Even so, it took two visits to walk from top to bottom and up and down all those long private driveways where homes are tucked away out of sight.
On the first evening, the rain was still threatening and I had only been to three or four properties when heavy drops started falling.
Nevertheless, I pressed on and the rain lifted, but eventually, as dusk settled in, it became too gloomy to continue. You cannot expect people to answer their doors to a stranger in the dark.
The following evening was a complete contrast with bright sunshine, and on this occasion I was joined on the campaign trail by my two-year-old son, George.
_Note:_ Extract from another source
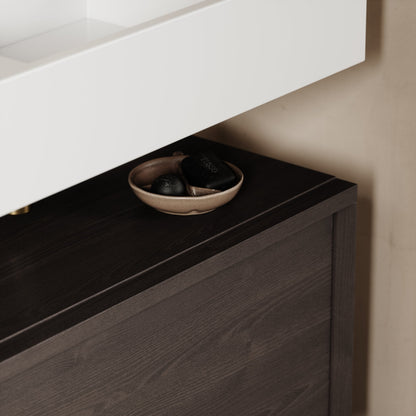 Palermo Grey Oak Vanity Unit 800mm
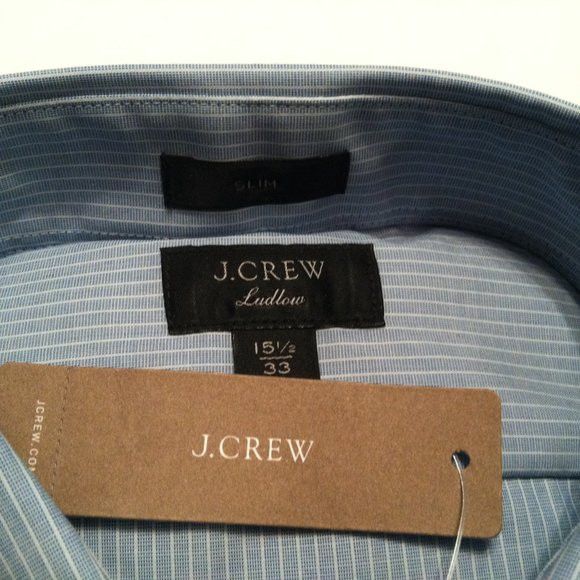 J.Crew J.CREW LUDLOW MENS NEW BLUE COTTON DRESS SHIRT SIZE:15.5/33 Size US M / EU 48-50 / 2 - 4 Thumbnail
Without transport and without a babysitter, I had to resort to a lift from my elder daughter, which meant putting a child seat in her car and taking George with us.
They waited patiently while I met residents and heard of the local issues which concern them.
Stapley proved as interesting and varied a community as any other I have visited during this campaign, with again the level of Council Tax being a common concern.
It is even more notable in such an isolated community that while residents may be paying as much as those in an urban community, they are not receiving the same services.
In effect, they pay a premium for living in the countryside and being surrounded by some of the finest local environment.
Which, I believe, makes it even more important for the council to provide the best possible service to residents when it is called upon to do so.
Refuse and recycling collections, and the attention of planning officers from time to time were about the only services one could put a finger on as being directly delivered in Stapley.
And each of these topics provided cause for concern on the doorsteps. I won’t go into the planning issue, as it seems this is something that is going to need to be handled after my election. Residents of Stapley, though, will know what I am talking about.
The recycling concerns were again around the recycling of plastic, where I was again able to reassure people that, along with cardboard recycling, the Conservatives are bringing this in soon after the elections.
The refuse concern was similar to comments I have heard previously but with a slightly different twist.
As I mentioned above, there are quite a few long driveways and lanes to reach people’s homes, and few - actually, I cannot think of any – have a flat, Tarmac surface.
This makes it very difficult for some residents to wheel their wheelie bins to the roadside on bin day.
The concern came from a family deeply committed to doing their bit for the environment and very supportive of the council’s recycling programme.
Although they were the first to raise this specific point about the wheelie bins, I am sure there must be quite a lot of others who share the problematic experience every week. The couple also came up with a suggested solution, something which I will look into after the poll on May 3.
Elsewhere, another planning issue has raised its head again, this time involving gipsies – and, no, it is not in North Curry.
One of the difficulties for planning officers in dealing with gipsy matters is that the current Labour Government has a different and less rigid set of rules for gipsy-related applications than it does for ‘ordinary’ planning applications.
Yes, one law for them and another law for the rest of us. I’m not familiar enough with the subject to know if this is another of those situations manufactured by the unelected and unaccountable faceless bureaucrats of Brussels, but I strongly suspect so.
This particular case raises an interesting question: When is a gipsy not a gipsy?
I shall be working with residents in the area to find the answer and to try to resolve the situation as sympathetically as possible for all concerned.